Cleaning up a vacant lot leads to less crime, more socializing outdoors and increased perceptions of safety in the surrounding neighborhood, according to a new study done in Philadelphia and released on Monday by Columbia University Mailman School of Public Health.
The 38-month analysis of 541 randomly selected vacant lots around the city found that crimes including gun assaults, robbery, burglary, and illegal drug trades decreased by at least nine percent in all neighborhoods that experienced a blight cleanup. Poor sections of Kensington/Allegheny, the Southwest, and North Philly experienced the most significant decrease in crime when the conditions of lots improved, said coauthor John MacDonald, a University of Pennsylvania professor of criminology and sociology.
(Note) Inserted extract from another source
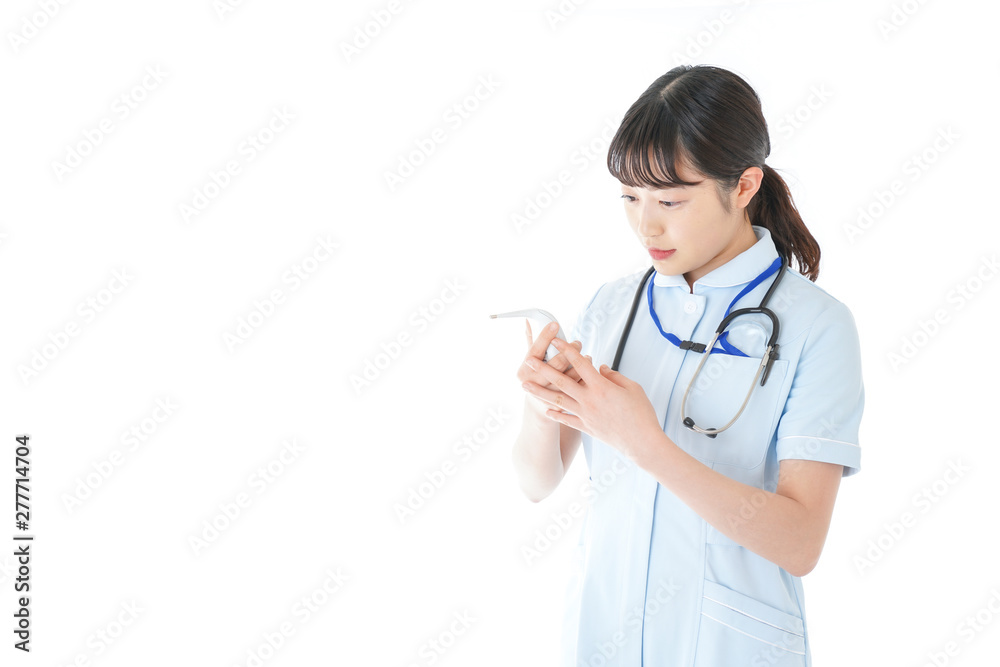 体温の計測をする看護師 体温の計測をする看護師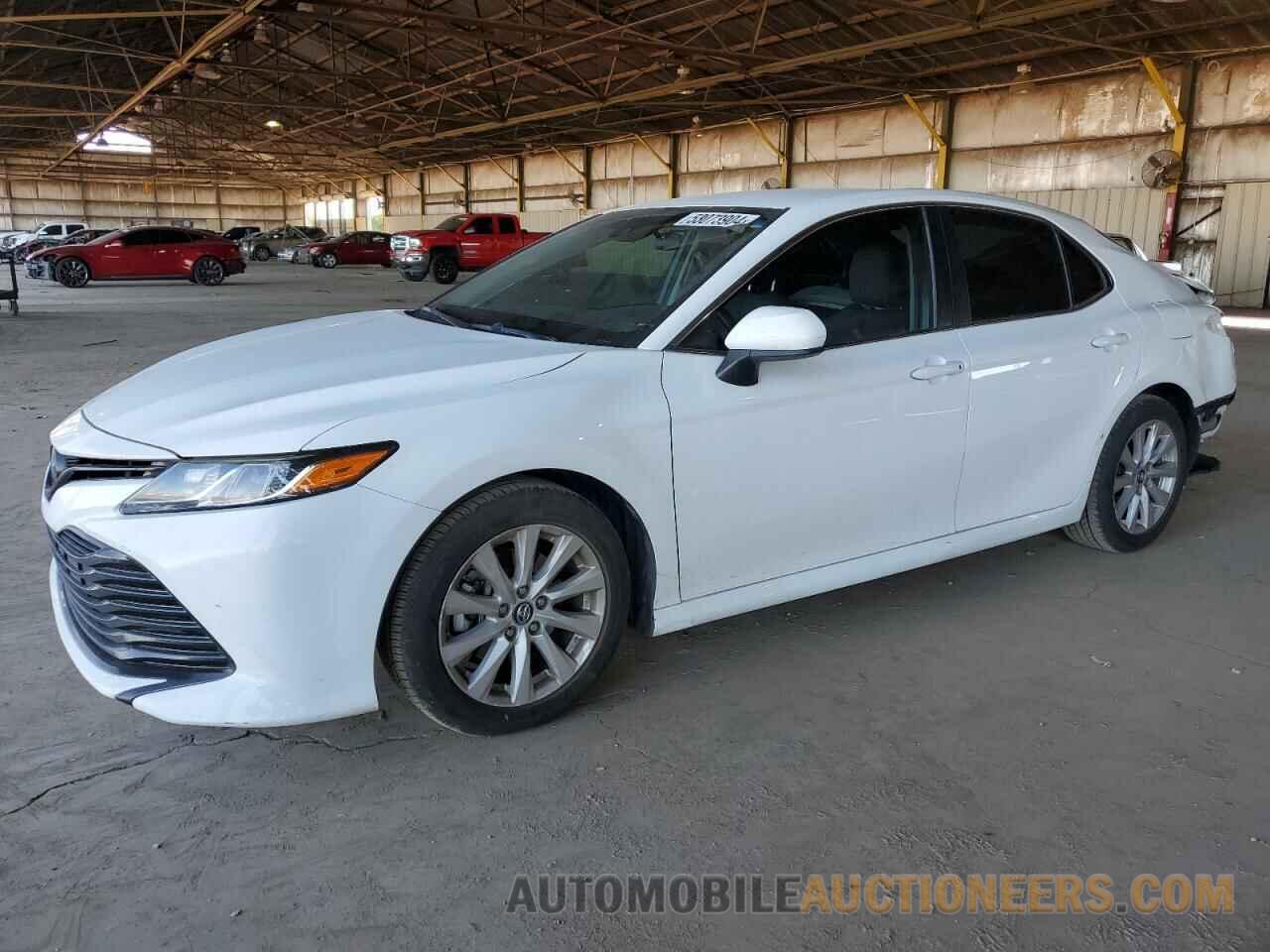 4T1B11HK9JU635886 TOYOTA CAMRY 2018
New data recently released by the city ranks these same areas as among the city’s most heavily littered with trash and debris.
Of the lots selected, 201 received makeovers that included trash removal, grading, planting new grass and small trees, and small wooden fencing; 174 received minor upgrades, trash pickup and grass-mowing. The remaining lots received no treatment until the research was complete.
Researchers then observed the lots for 18-month periods before and after cleanup. All the lots that received any form of restoration showed a significant a decrease in crime.
In neighborhoods below the poverty line, the drop hit 13 percent with a 29 percent decrease in gun violence, a ray of hope for Philadelphia. In 2017, bullets took the lives of more than 250 people.
Macdonald said the findings carry powerful implications for Philly and other cities struggling with abandonment and crime. The research quantifies the public health and safety payoff that comes when blighted lots are cleaned up.
Abandoned or neglected pieces of land function as open-air drug markets, hiding places for illegal weapons, camouflage for thieves, and escape routes from police. As a result, neighbors grow fearful of their environment and become prisoners in their own homes.
But after surveying 445 randomly selected residents who lived near the tested lots, the study found that safety concerns decreased by 58 percent and use of outside spaces increased by 76 percent after the lots underwent remediation.
“People have a sense of ownership more,” said MacDonald. “It’s not a place to hide out easily. So there’s lots of reasons that in addition to making you feel better, it actually is safe.”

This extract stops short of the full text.